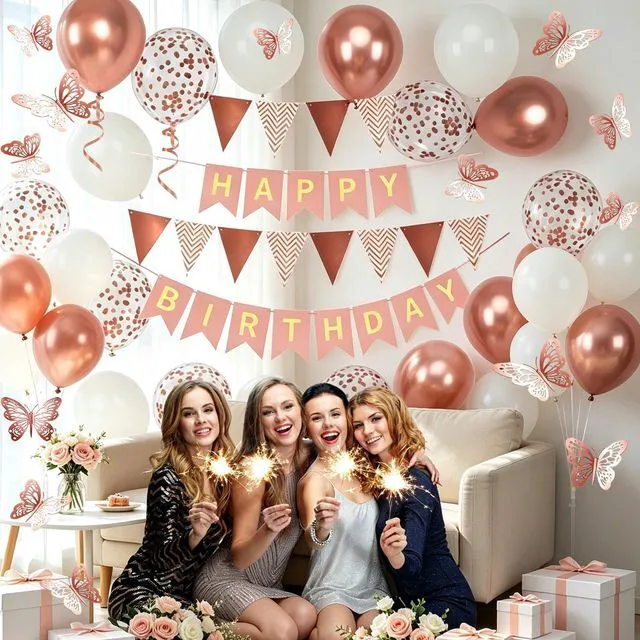 Alt view image 3 of 6 - Rose Gold Birthday Decorations Women, Happy Birthday Banner for Girls Party Decorations with Balloons, Pennant Banner Flags and Rose Gold Butterfly Decorations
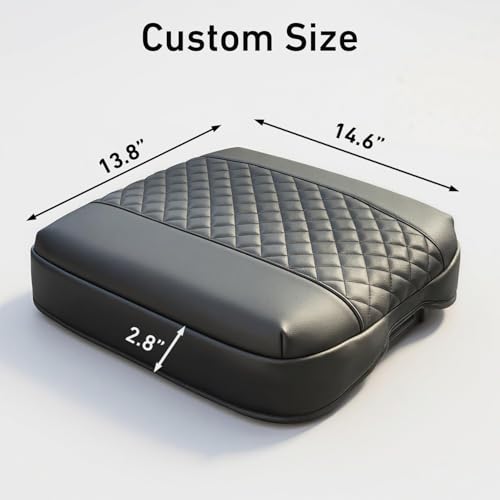 FQMY 1.2in Thickness Center Console Armrest Cover Compatible with Chevy Silverado & GMC Sierra 2019-2026, Tahoe & Suburban & Yukon 2021-2026, Bucket Seat, Leather Arm Rest Lid Cushion, Anti-Scratch, Black - Image 4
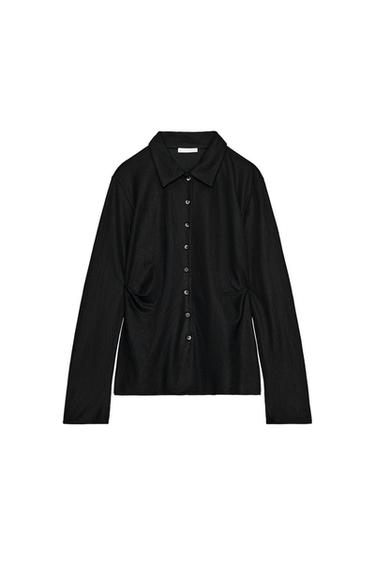 KOŠILE S PLISÉ A KNOFLÍKY - Černá od Zara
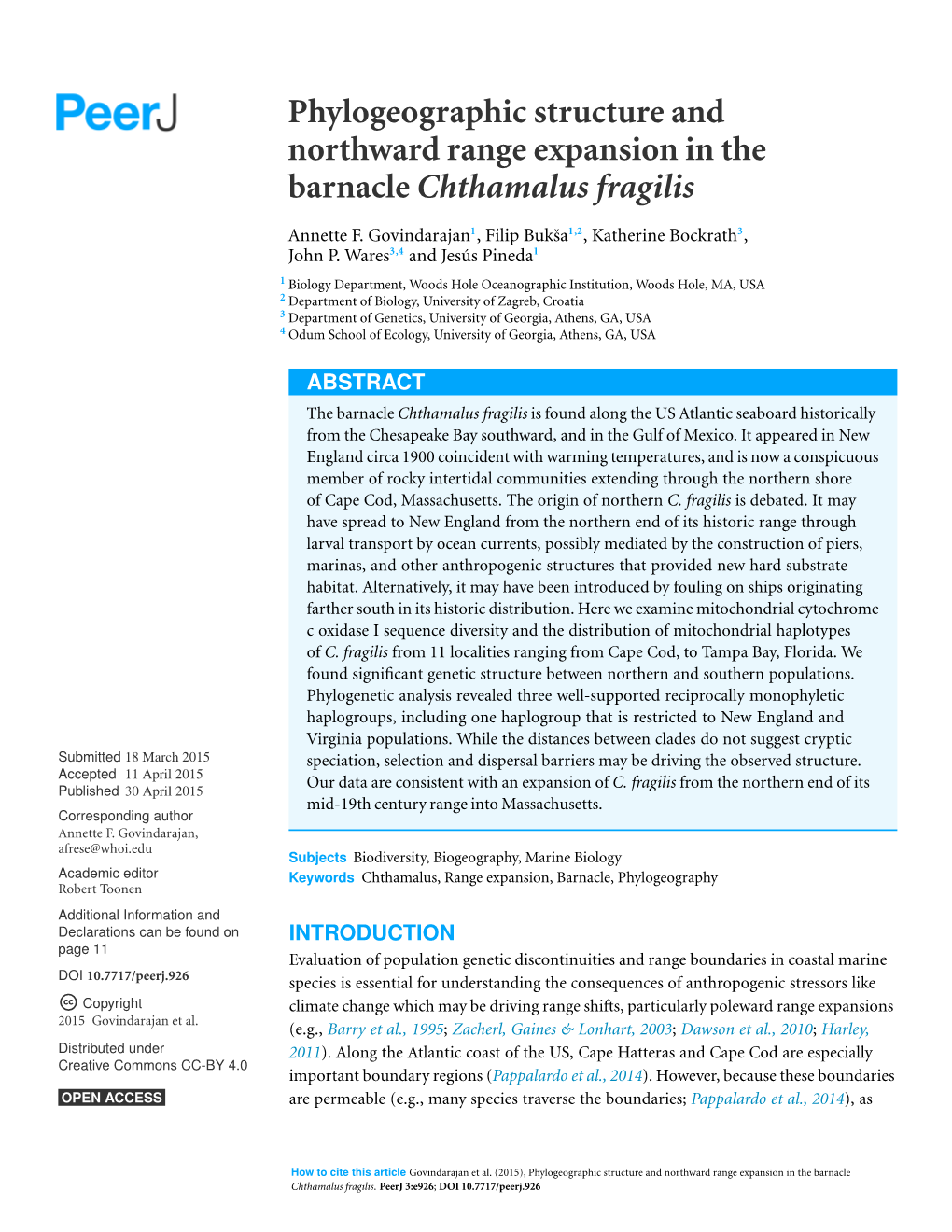 Phylogeographic Structure and Northward Range Expansion in the Barnacle Chthamalus Fragilis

### Work instruction:
Within the listing above, write out the stretch from the line with "FQMY 1.2in Thickness" through the line with "KOŠILE S PLISÉ A KNOFLÍKY - Černá od Zara" exactly. Any pictures are to be left out.

### Response:
 FQMY 1.2in Thickness Center Console Armrest Cover Compatible with Chevy Silverado & GMC Sierra 2019-2026, Tahoe & Suburban & Yukon 2021-2026, Bucket Seat, Leather Arm Rest Lid Cushion, Anti-Scratch, Black - Image 4
 KOŠILE S PLISÉ A KNOFLÍKY - Černá od Zara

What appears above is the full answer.